Looking at the coastline of what we now call the Maremma in Tuscany you might have a hard time believing that in the 6th century BCE these beaches and hills were home to one of the world’s most mystical and innovative civilizations. Today much of the area has been turned into beachfront playland where inland dwellers flock in the summer to escape the oppressive mugginess that no amount of fanning will blow away. However, long before the appearance of the many gelateria, flip-flop shops and a swimsuit boutiques this was the area where the Etruscans settled, fished, farmed, smelted iron (so much iron that they’re credited with being among the harbingers of the Iron Age) made wine and praised their gods.
The Etruscans recognized early on the great potential of the area. Beyond the abundance of fish in the sea, game in the woods and iron ore in the northern hills and on the island of Elba there were luxurious mineral springs and the soft, limestone hills called tufa — a type of earth ideal for carving homes, shops, kilns, furnaces, roads, cellars and tombs. This abundance of life’s necessities in one sunny region surely had to have been placed there for them by kind and munificent gods. As a testament to this seeming spiritual inescapability of the area the Etruscans stayed. Not just the duration of their lives but into their afterlives, taking their eternal rest in the hundreds of tombs and necropoli that have been discovered throughout much of the Maremma.
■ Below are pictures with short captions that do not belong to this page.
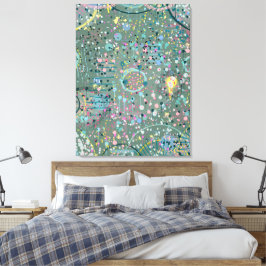 Abstrakte Kunst: Durch die Wiese  Leinwanddruck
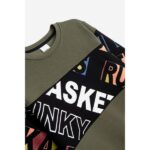 Σετ φόρμες φούτερ για αγόρι χακί-μαυρο Funky 225-117134-1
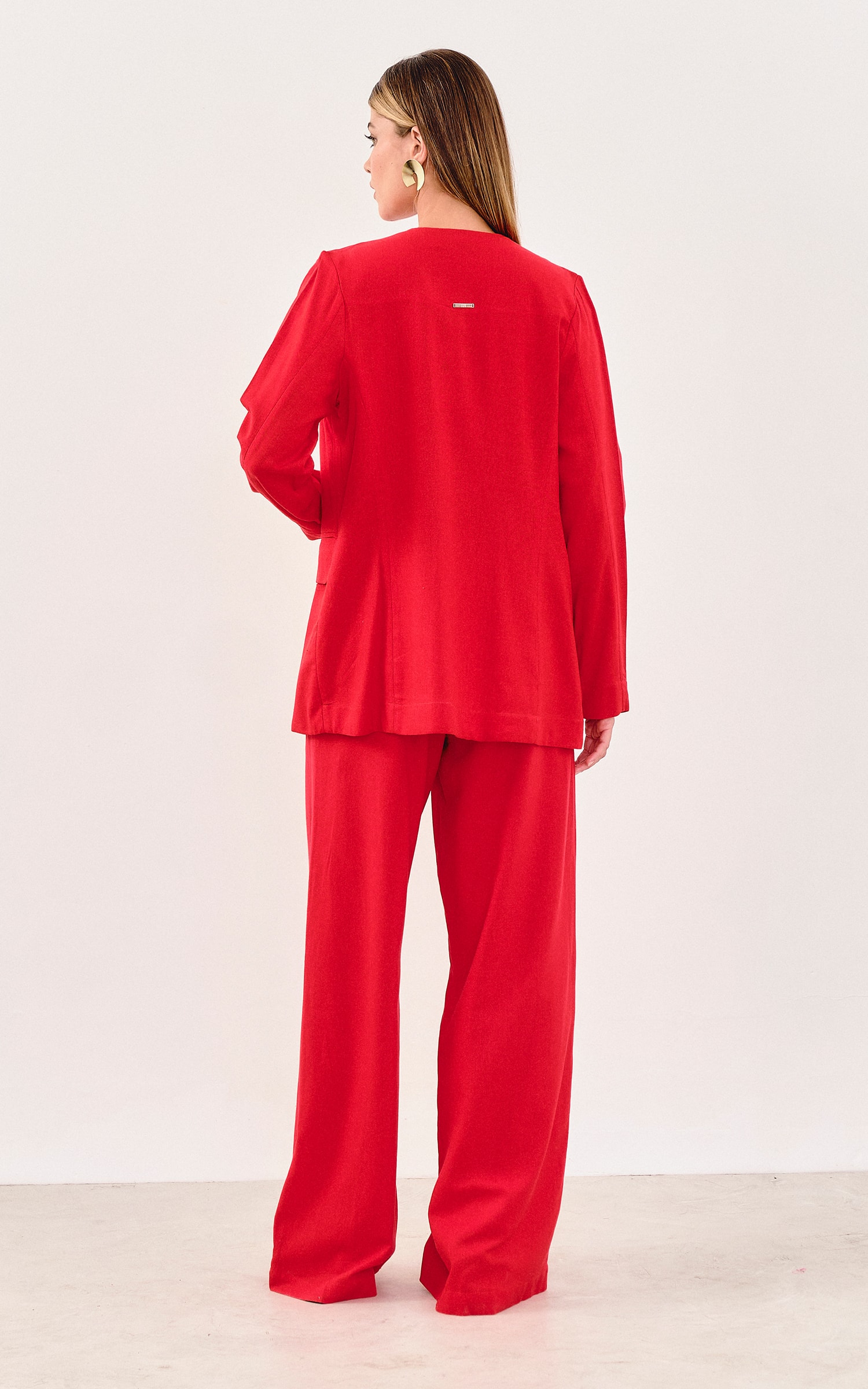 Blazer Lapela Cajueiro Vermelho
By the 4th century BCE the absorbtion of the Etruscan civilization into the Roman Empire was complete and the complexion of the region began to shift into a less habitable state. Depopulation along with some seismic activity turned the lowlands to swamps and the villages, vineyards and pastures became overgrown. Sections of the region were largely forgotten for centuries and those areas that were viable as farmland or for building ports, were repeatedly fought over by Sienese, Pisan and Florentine armies, then Napoleon’s troops. By the mid-1800s the coastal marshlands were considered to be some of the most dangerous places in Italy, home to bandit hideouts and mosquito infested swamps. The average life-expectancy of a male living in the region from Pisa to the north and Grosetto to the south was 18 years. Number one cause of death: malaria.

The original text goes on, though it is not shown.